Filed under girls, home life, single parenthood

4 responses to “disheartened

  1. syd

    Lovely woman. I am crying as I read this because I relate on such a deep level. And I wish I had the right thing to say but here’s the thing. We love them more than life itself. And they know this, they will always know this in their core beings. I would say more, but I have to get back to my own two beauties who are going to be blossoming, hormonal teenagers in the blink of an eye. Lordy.

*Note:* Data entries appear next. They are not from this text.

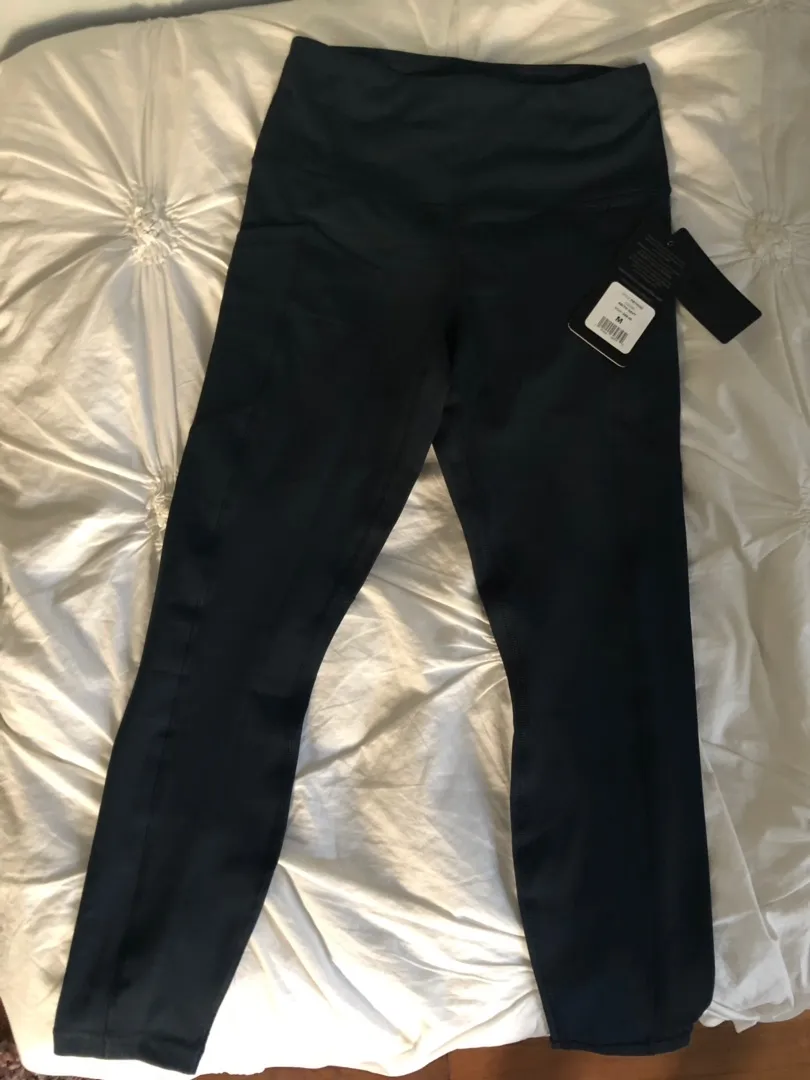 90 Degrees by Reflex Navy Leggings - Image 3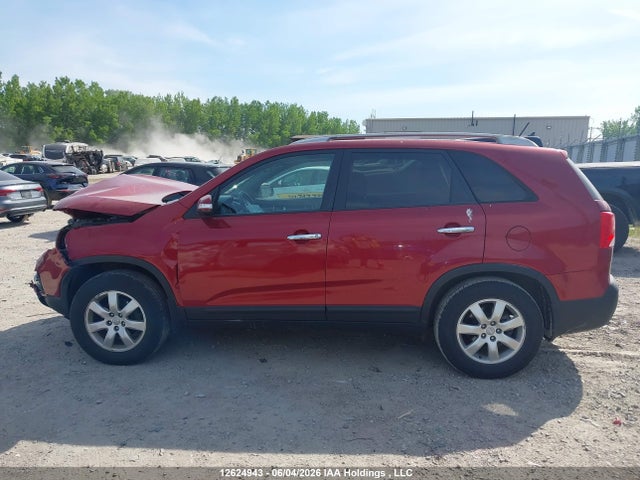 Продажа на аукционе авто 2013 Kia Sorento, vin: 5XYKT3A6XDG310225, номер лота: 12624943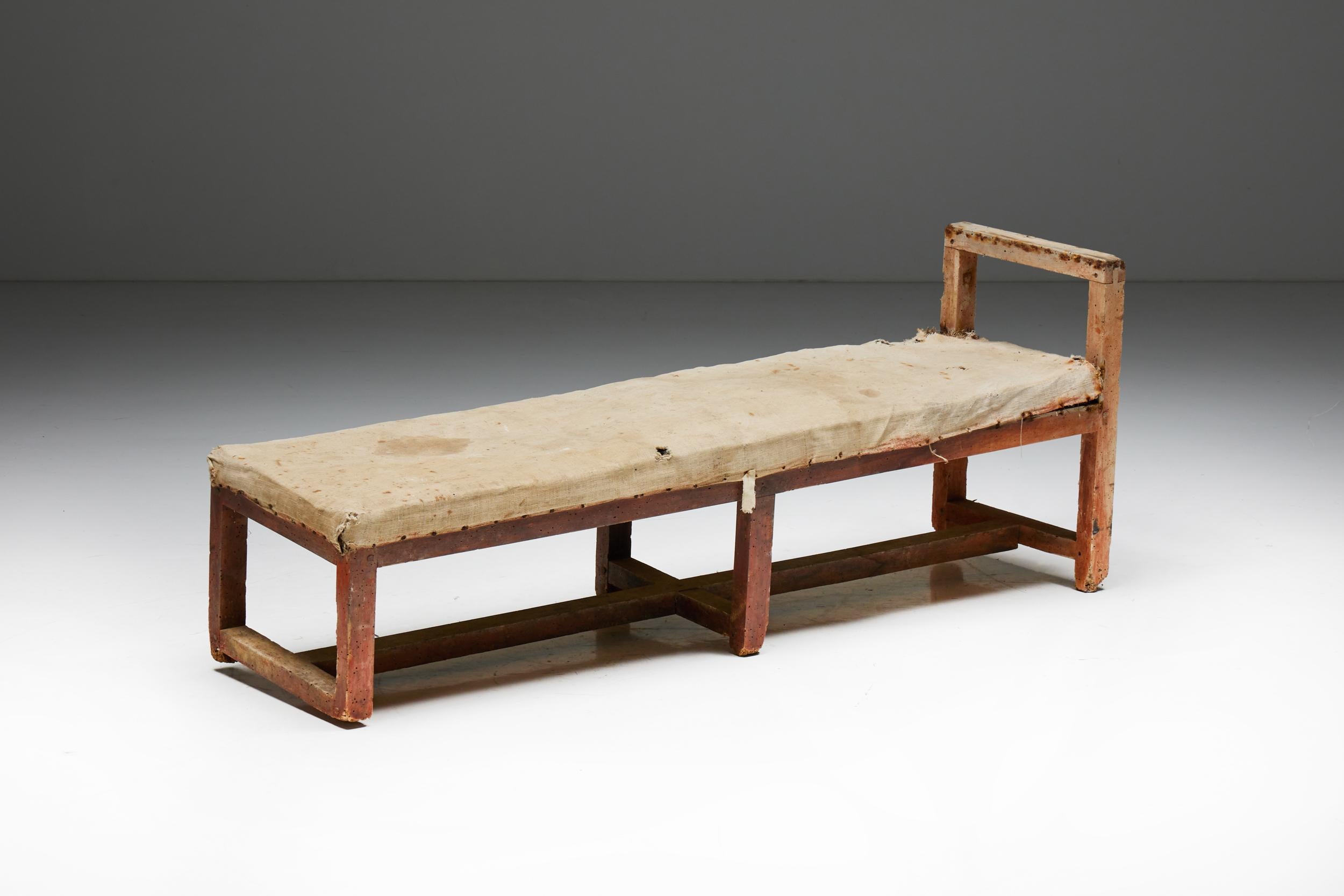 Pair of Rustic Travail Populaire Benches, France, 19th Century In Fair Condition For Sale In Antwerp, BE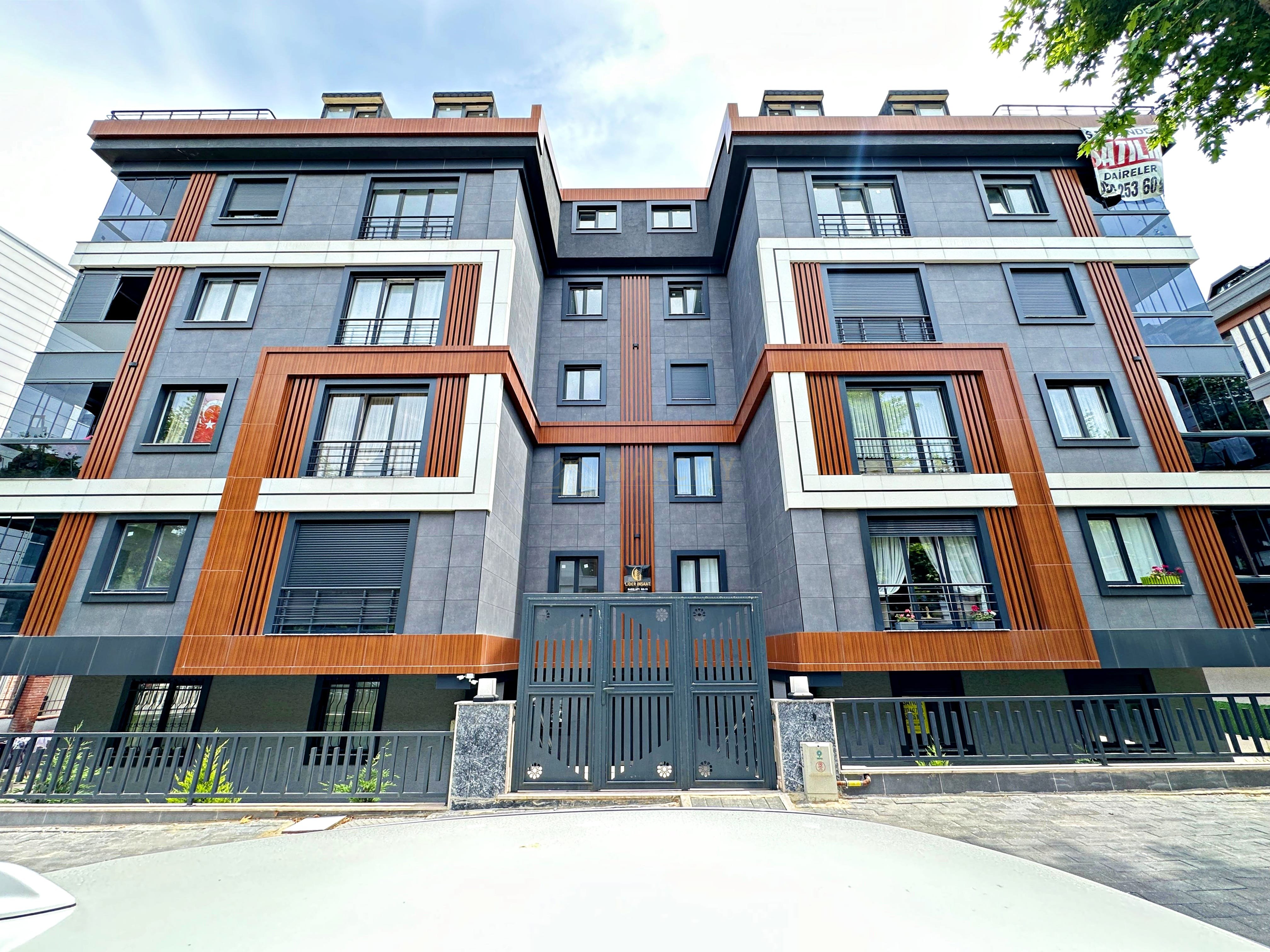 Marcity'den B.Evler (Adnan Menderes Lisesi Civarı) Sıfır 3+1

    xo so much love from my end of the word to yours.

  2. elaine

    i too was a single parent after a very difficult and protracted divorce, and learned in the first couple of years to be a “good enough” parent on those days or weeks when it seemed endlessly overwhelming…my 2 daughters are grown and live in another city now studying advanced ed, they are wonderful young women, 2 of my favorite people, we talk/email or fb almost every day… we do the best we can and forgive ourselves for our short comings and in the end what is best in us endures and leaves its imprint, your commitment to be the best that you can be on any given day is what helps to shape yours and your daughters lives, your love and commitment to them shines thru in your entry, they are lucky to have you.

  3. Oh my heart…

    You know, this is so familiar to me, and I am sure to so many others. It is the hardest part of being a parent. I resent having to be a nag first thing in the morning! I hate finding myself arguing at their level! (I mean really…). But you know, it’s not hopeless, dear one.

    You are aware of it, and that’s somewhere to start. Keep up the good stuff and just don’t beat yourself up over the stuff that goes pear shaped. Try and learn from it and let it go. You will get there!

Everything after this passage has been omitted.